Des spécialistes du secteur expliquent cette performance en demi-teinte par la résistance de certains agriculteurs céréaliers qui craignent de perdre les avantages et subventions dont ils bénéficient actuellement. Ces agriculteurs sont constitués en lobbies efficaces. Ils disposent également de relais dans la sphère politique à travers des élus communaux et parlementaires eux-mêmes agriculteurs. Au moins 50 élus des deux chambres du Parlement exercent en effet le métier d’agriculteur. Toute réforme doit d’abord être validée par eux-mêmes.
Réseaux d’irrigation : objectif atteint à 90%
Selon une source très proche du dossier qui a requis l’anonymat, «ces lobbies ont souvent des intérêts divergents de ceux prônés par la réforme, particulièrement ceux exerçant dans la céréaliculture où ils tirent grand profit de la subvention étatique prévue pour ce type d’activité. Ces mêmes lobbies s’opposeront à la réforme de l’eau qui prévoit une hausse de la tarification de l’irrigation. Or, la céréaliculture est grande consommatrice d’eau». Une source au ministère de l’Agriculture explique toutefois que «les céréaliers doivent bien se rendre à l’évidence et adopter un raisonnement à long terme».
Concernant l’autre point, celui de la réhabilitation des réseaux d’irrigation existants, les équipes de Laenser ont pu faire mieux. Les 10 000 ha/an fixés comme objectif ont été atteints à hauteur de 90 %, avec 9 000 ha réhabilités, soutiennent les responsables du ministère de l’Agriculture, qui mettent aussi en avant la signature, prévue pour la rentrée agricole, du contrat-programme avec la filière avicole, et qui devrait constituer le prélude à d’autres contrats en cours de préparation pour d’autres filières, notamment celles des viandes rouges, du lait et du sucre.
Cela dit, pour d’autres volets prévus dans le plan triennal présenté par M. Laenser en septembre 2005, il n’y a pour l’instant aucune indication sur l’avancement des travaux. C’est le cas par exemple de l’opération d’épierrage qui devait porter initialement sur 20 000 ha par an, soit 60 000 ha en trois ans. Or, à ce jour, et selon des sources au ministère, seules quelques opérations isolées et très limitées ont été réellement lancées,
la contrainte financière étant très lourde. L’épierrage des 60 000 ha nécessitera tout de même quelque 900 MDH dont le tiers doit être pris en charge par les agriculteurs.

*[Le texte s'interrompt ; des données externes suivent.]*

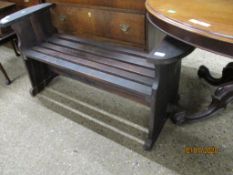 EARLY 20TH CENTURY OAK BENCH WITH SLATTED SEAT, BEARS LABEL INSCRIBED "BUILT FROM TIMBERS EX HMS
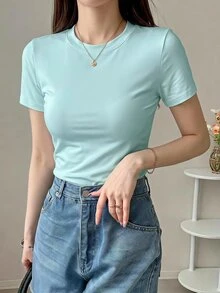 DAZY 女款素色圓領修身短袖內搭T恤 - 薄荷綠 - 查看 3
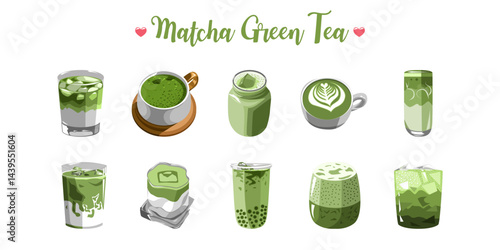 Matcha green tea vector set collection graphic design featuring matcha tea illustrations for healthy lifestyle, beverages, and food-related designs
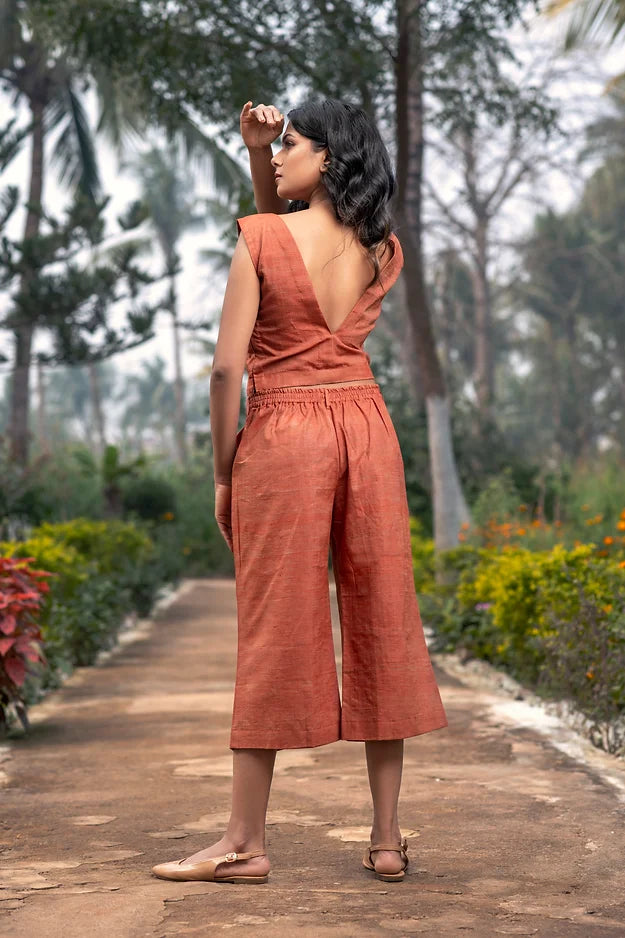 Brown bijili crop top sequence  + culottes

La contrainte financière est d’ailleurs présente à tous les niveaux. Ce qui explique d’ailleurs le souci des pouvoirs publics d’associer fortement le Crédit agricole à la réforme. Tout en partageant les grands principes du plan de Mohand Laenser, le Pdg du Crédit agricole du Maroc, Tarik Sijilmassi, appelle pour sa part à la diversification des revenus dans le monde rural, de manière à casser la dépendance vis-à-vis des activités agricoles. «Ceci passera d’abord par une multiplication des sources de revenus à travers des activités agro-alimentaires et touristiques. L’essentiel est de développer un arrière-pays accueillant et sécurisé», explique M. Sijilmassi. C’est dans ce sens que quinze «Dar al fellah» (voir encadré) seront mis en place, une mesure prévue par la réforme. La banque a enregistré un léger retard à ce niveau, mais le patron du Crédit agricole est rassurant. «Dar al fellah demeure un chantier prioritaire que nous initierons dès septembre prochain», soutient-il.
Enfin, il reste la question des 2,6 milliards de DH nécessaires à la conduite de la réforme, du moins selon les estimations du ministère de l’Agriculture. Le ministre, Mohand Laenser, avait tenté en septembre 2005 de sensibiliser le gouvernement à la mobilisation de ces fonds sans pour autant en obtenir la totalité.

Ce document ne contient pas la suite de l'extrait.